**Task statement**
Copy out exactly, from the entries that follow, the line holding "Haofa Tourbillon 1929", the line holding "CountyCumberlandCampdraftFri_0014", and all lines between them, but no pictures.

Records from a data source
=== Begin Enclosure ===
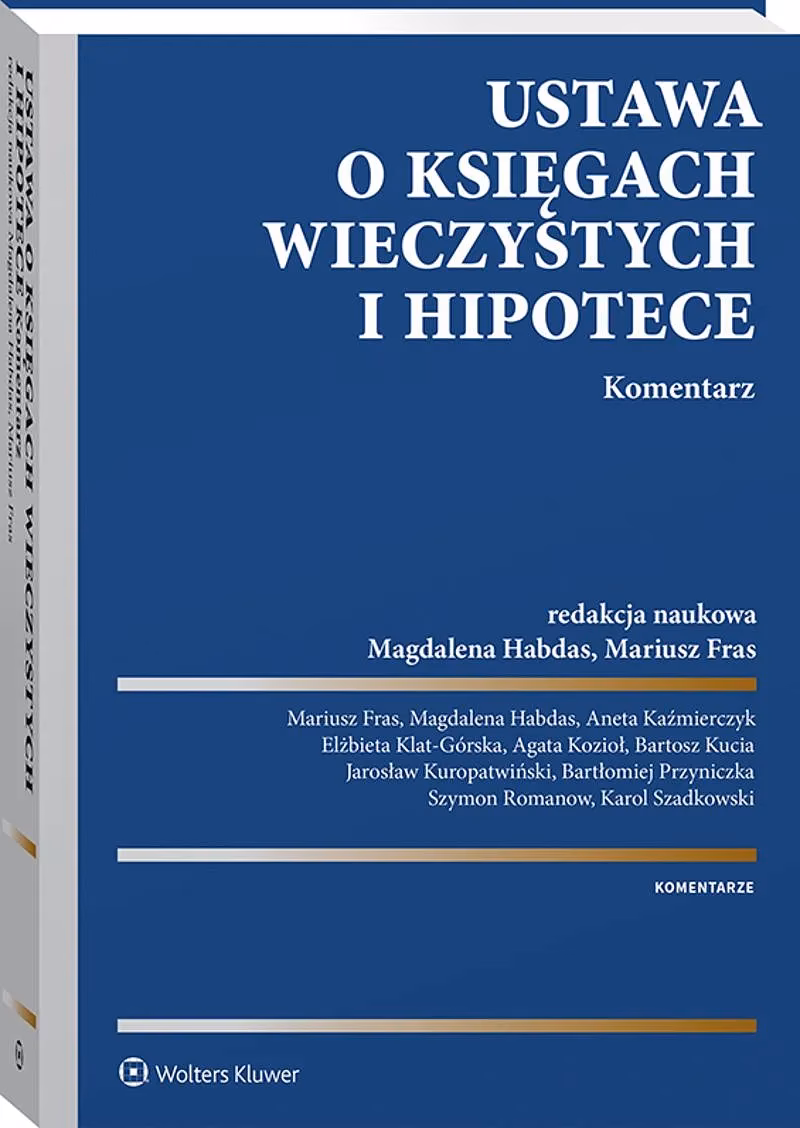 Co oznacza częściowe wygaśnięcie służebności?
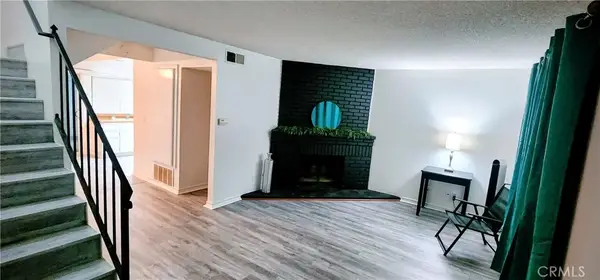 15224 Shadybend Drive #36, Hacienda Heights, CA 91745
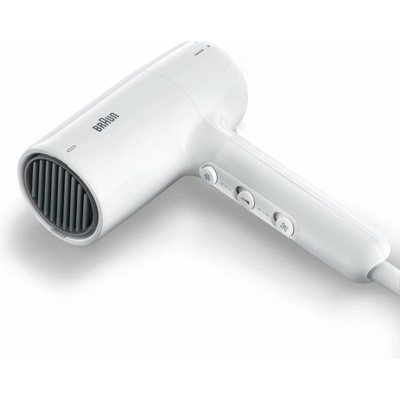 Braun HD226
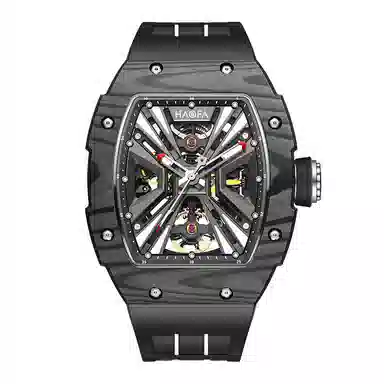 Haofa Tourbillon 1929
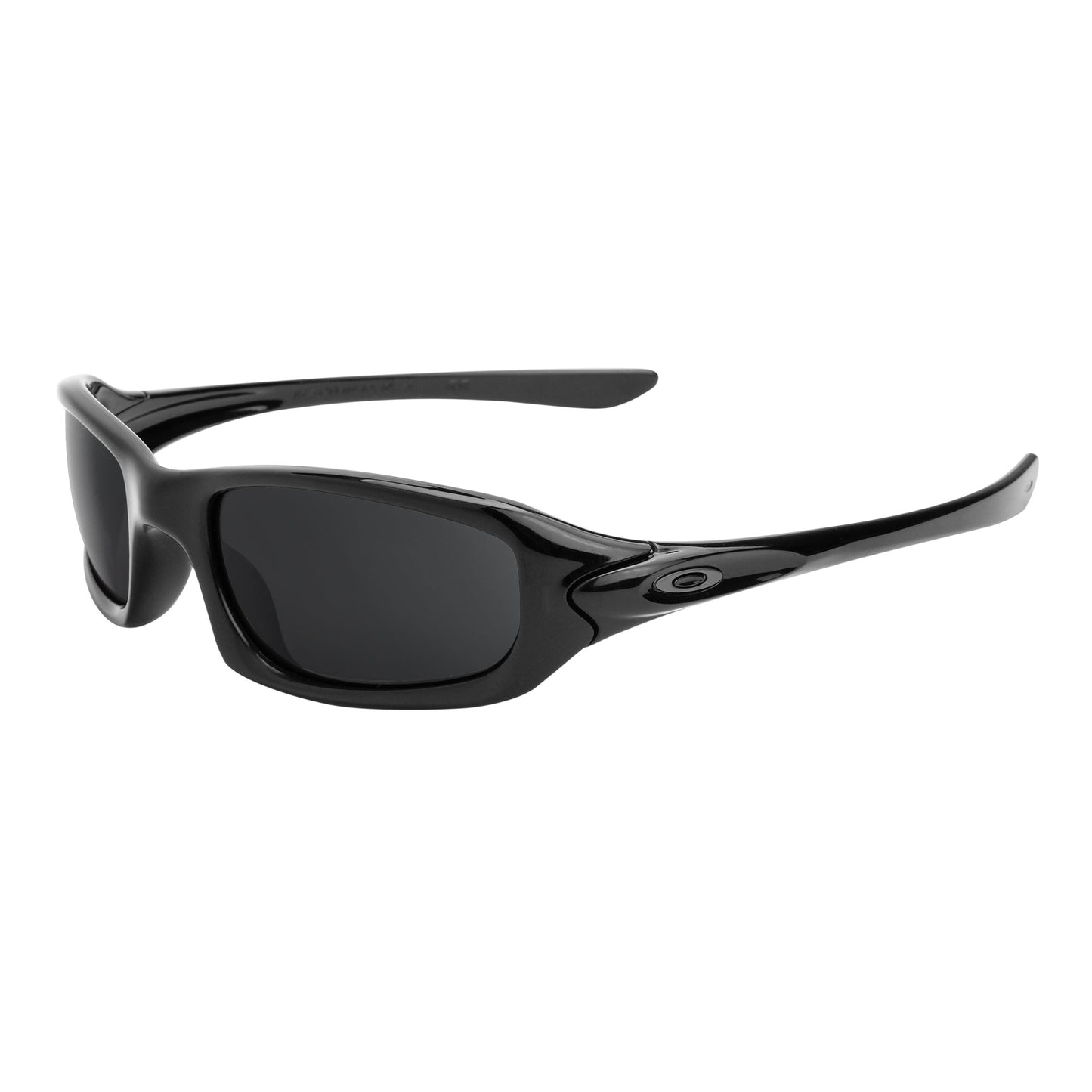 Revant replacement lenses compatible with Oakley Fives 4.0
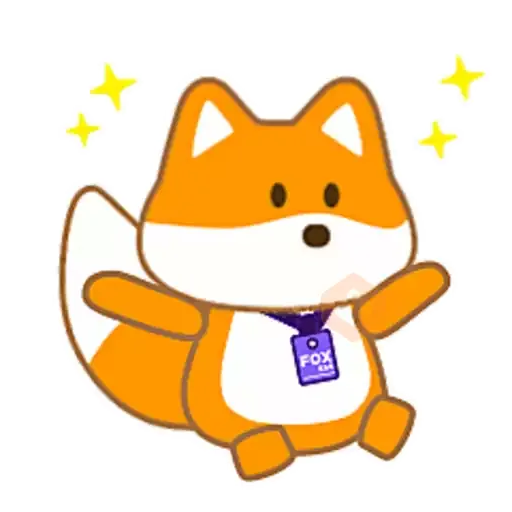 Maimai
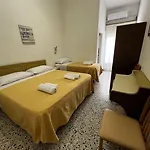 Till Hotel Rimini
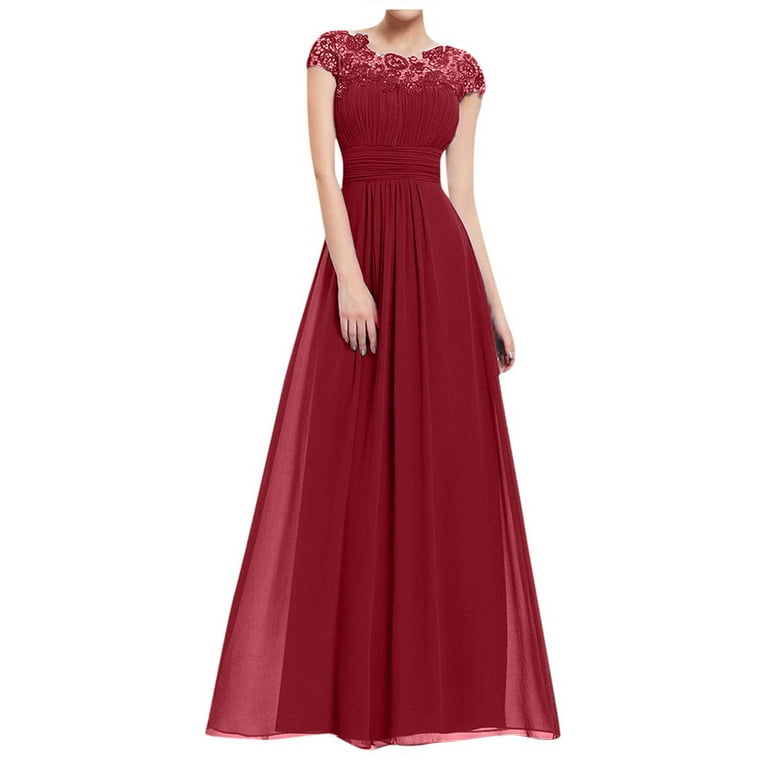 Ball gowns for short ladies uk shop
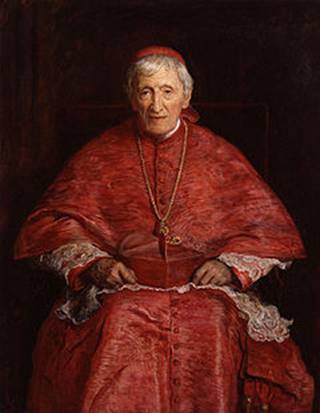 NewmanbySirJohnEverettMillais.jpg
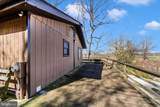 3309 Meadowview Drive - Photo 46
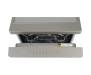 Посудомийна машина Hotpoint-Ariston HSFO3T235WCX
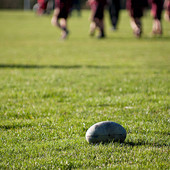 Rugby giovanile. Nuovo giro di convocazioni, i giocatori e le giocatrici prescelti per il raduno ASA di domenica prossima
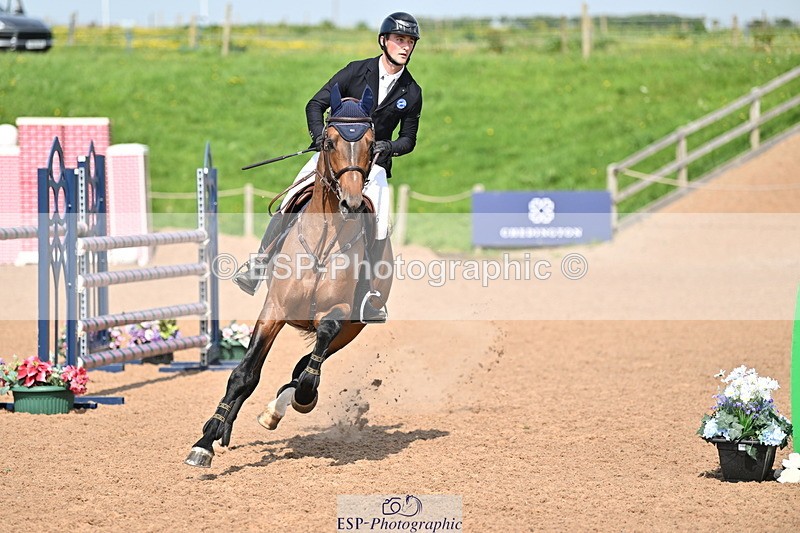 240510A-152838-08325 - Cls 23 Talent Seeker Inc 7yr old Jump Off and Presentations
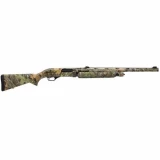 Winchester SXP Turkey Hunter 512357690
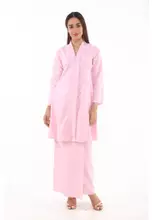 BABY PINK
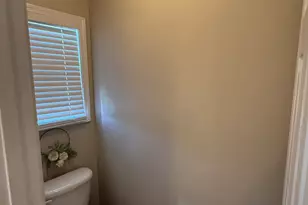 14 Camden Village Dr, Newnan, GA 30265 - Photo 33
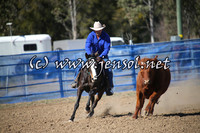 CountyCumberlandCampdraftFri_0014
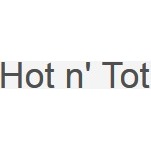 Hot N' Tot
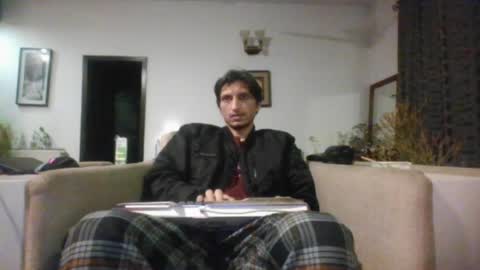 Cool2Buddies online show from 8, 4, 2026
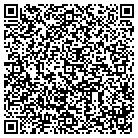 QR code with Marrow Global Solutions contacts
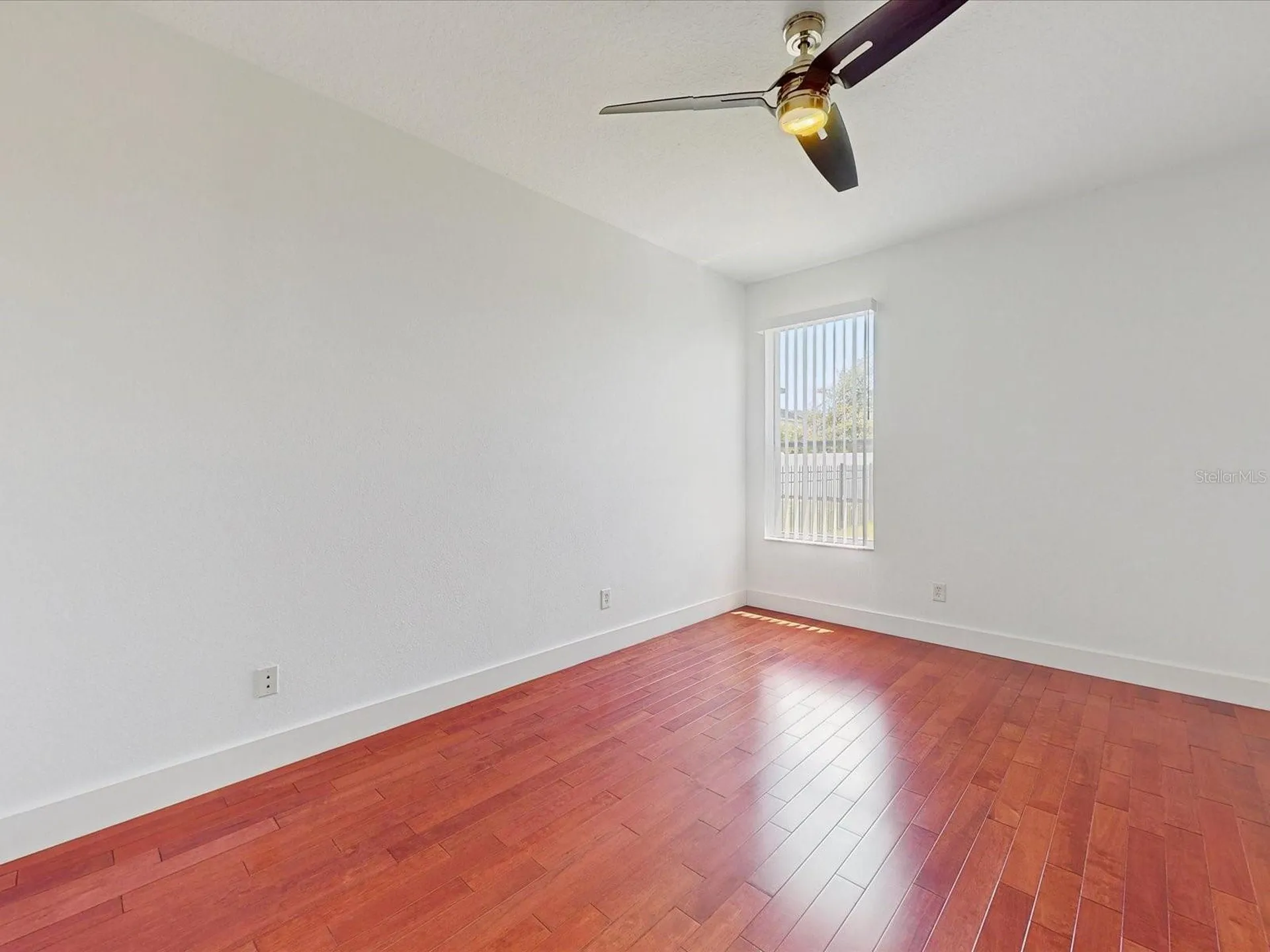 6609 Lake Pembroke Place Orlando FL 32829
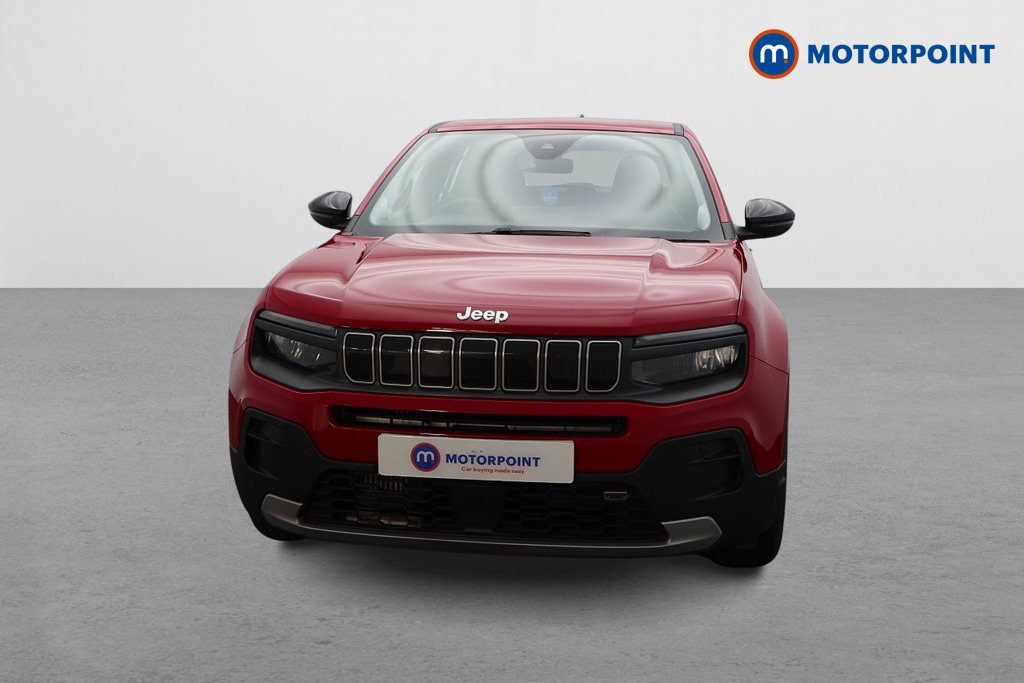Used Jeep Other 2024 for sale - 76146967: Photo 2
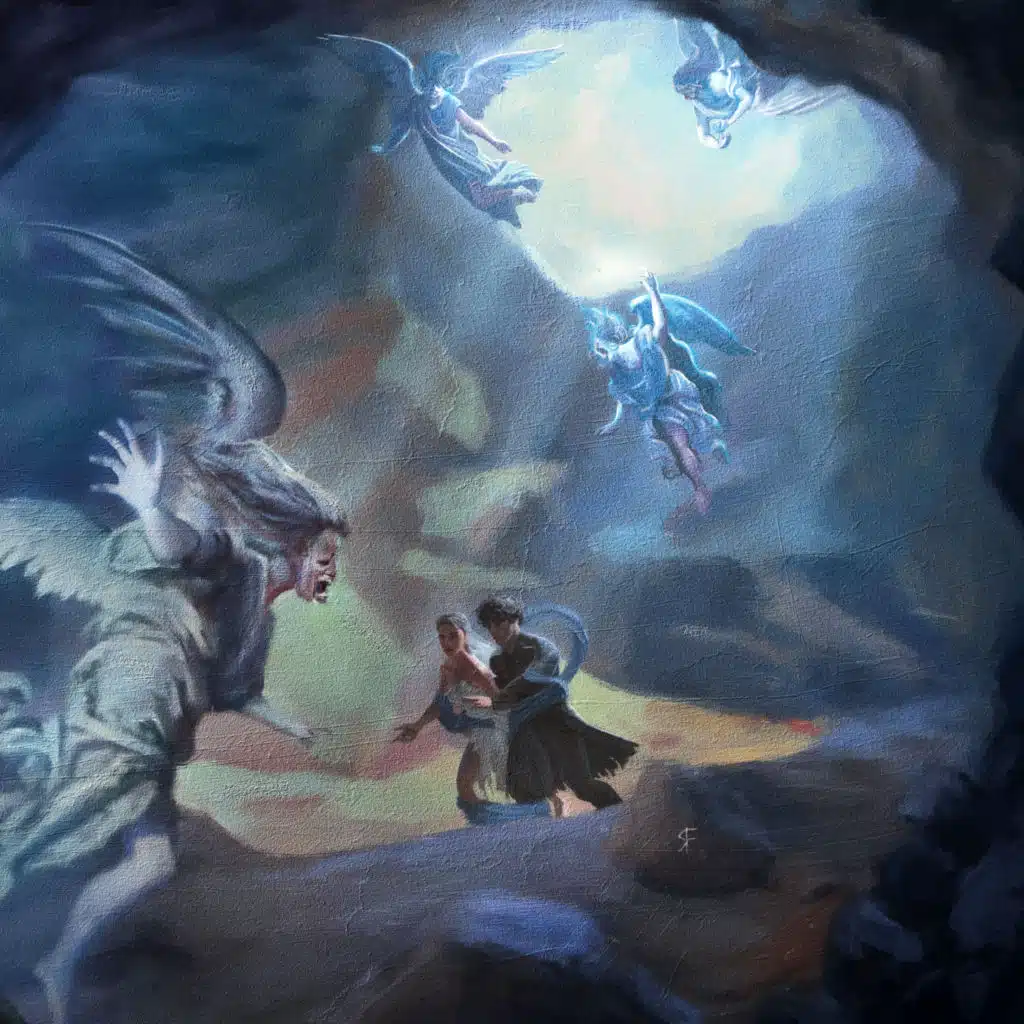 Selebrisik (feat. Tuantigabelas & Rubina)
=== End Enclosure ===
**Result of this exercise**
 Haofa Tourbillon 1929
 Revant replacement lenses compatible with Oakley Fives 4.0
 Maimai
 Till Hotel Rimini
 Ball gowns for short ladies uk shop
 NewmanbySirJohnEverettMillais.jpg
 3309 Meadowview Drive - Photo 46
 Посудомийна машина Hotpoint-Ariston HSFO3T235WCX
 Rugby giovanile. Nuovo giro di convocazioni, i giocatori e le giocatrici prescelti per il raduno ASA di domenica prossima
 240510A-152838-08325 - Cls 23 Talent Seeker Inc 7yr old Jump Off and Presentations
 Winchester SXP Turkey Hunter 512357690
 BABY PINK
 14 Camden Village Dr, Newnan, GA 30265 - Photo 33
 CountyCumberlandCampdraftFri_0014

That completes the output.